- Joint Program Reprint
- Journal Article
Abstract/Summary:
Due to an extremely dry climate and strong winds, the Northwest Indian Subcontinent (NWIS) undergoes heavy and frequent dust storms in the spring and summer. These dust storms can travel all the way from the NWIS (which encompasses southeastern Afghanistan, Pakistan and northwestern India) to North India and the Arabian Sea, blocking sunlight and degrading air quality in their path.
In their previous paper in Nature Climate Change, the co-authors found a positive trend of Indian summer monsoon (ISM) rainfall during the past 15 years—a revival of a major monsoon system that had declined for decades—and they analyzed its causes. In this paper, they show that the ISM revival is expanding rainfall distribution further northwestward, a development that could bring more rainfall to the NWIS. This increased rainfall could, in turn, boost vegetation growth and reduce the abundance of dust in the region.

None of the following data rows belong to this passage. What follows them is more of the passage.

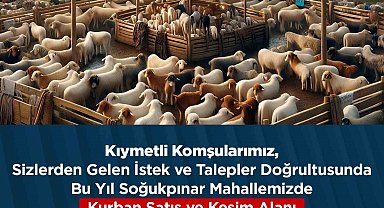 Çekmeköy Soğukpınar'da kurban satış ve kesim alanı kurulmayacak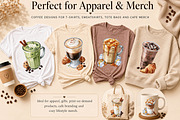 Coffee Drinks T-Shirt Print Bundle, a Food Illustration by GoldmoonUA (Thumbnail 3 of 5)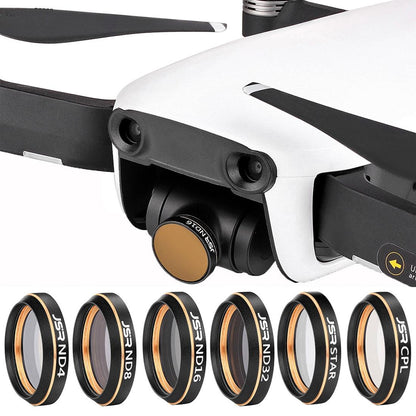 6-In-1 Hd Drone Lens Filter Kit For Dji Mavic Air - Star Effect Nd4 Nd8 Nd16 Nd32 Cpl-1915197219611480071
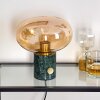 Lampe de table Maoro Vert, Laiton, 1 lumière
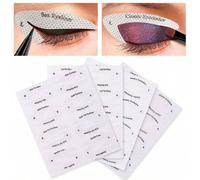 Shein 32 piezas/4 sets Herramientas de maquillaje de ojos, plantillas para delineador de ojos de gato, guías para delineador y sombra de ojos, delineador de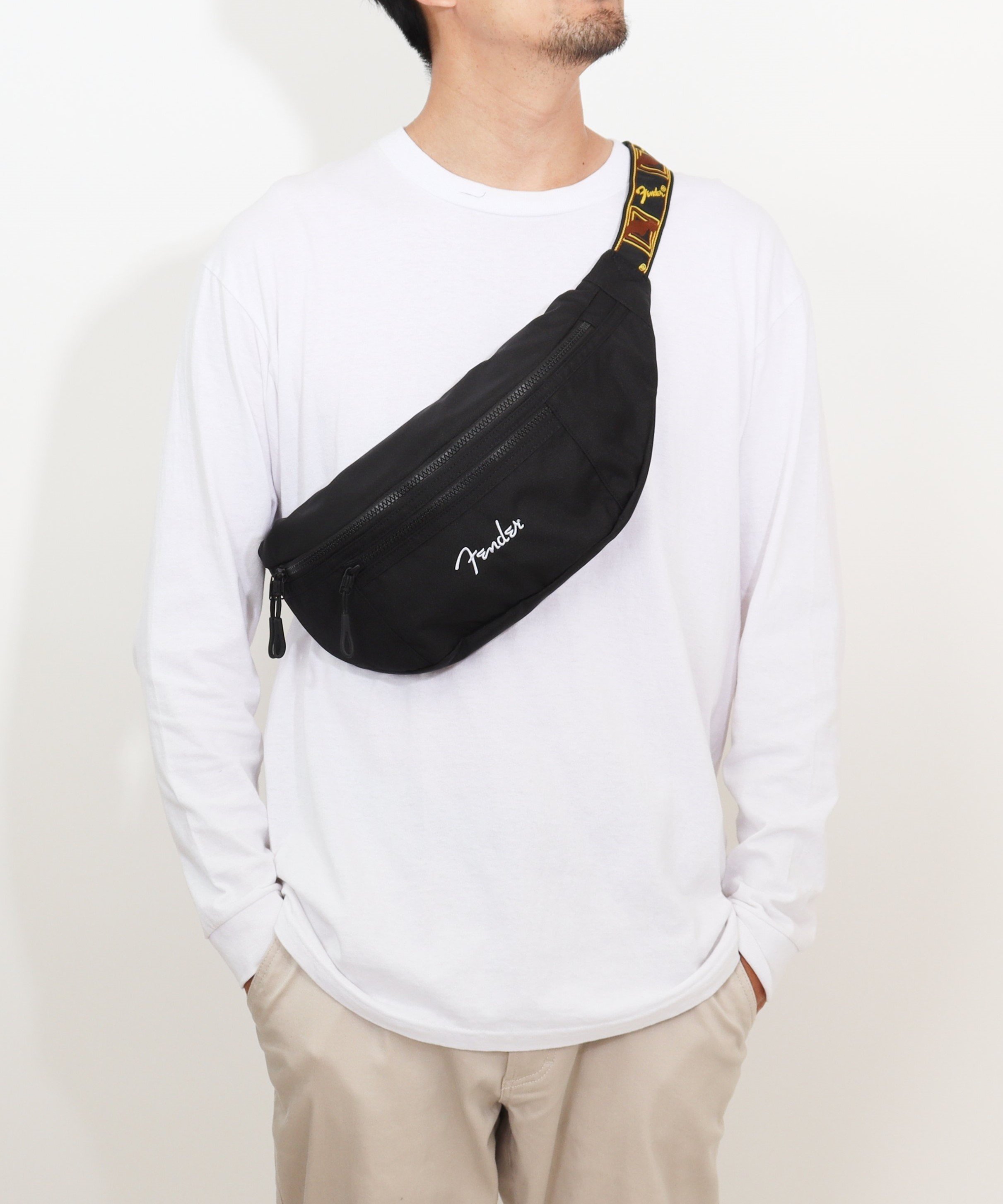 BACKYARD FAMILY Fender ボディバッグ ローラ バッグ ボディバッグ・ウエストポーチ グレー ブラック【送料無料】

Using satellite and other observations, the researchers demonstrate that the increasing monsoon rainfall is causing wetter soil and more vegetated areas in the Thar Desert and surrounding arid regions in the NWIS, resulting in lower levels of soil/mineral dust emissions in the area. Projected changes in vegetation growth and dust abundance in the NWIS has important implications for regional agricultural productivity and air quality.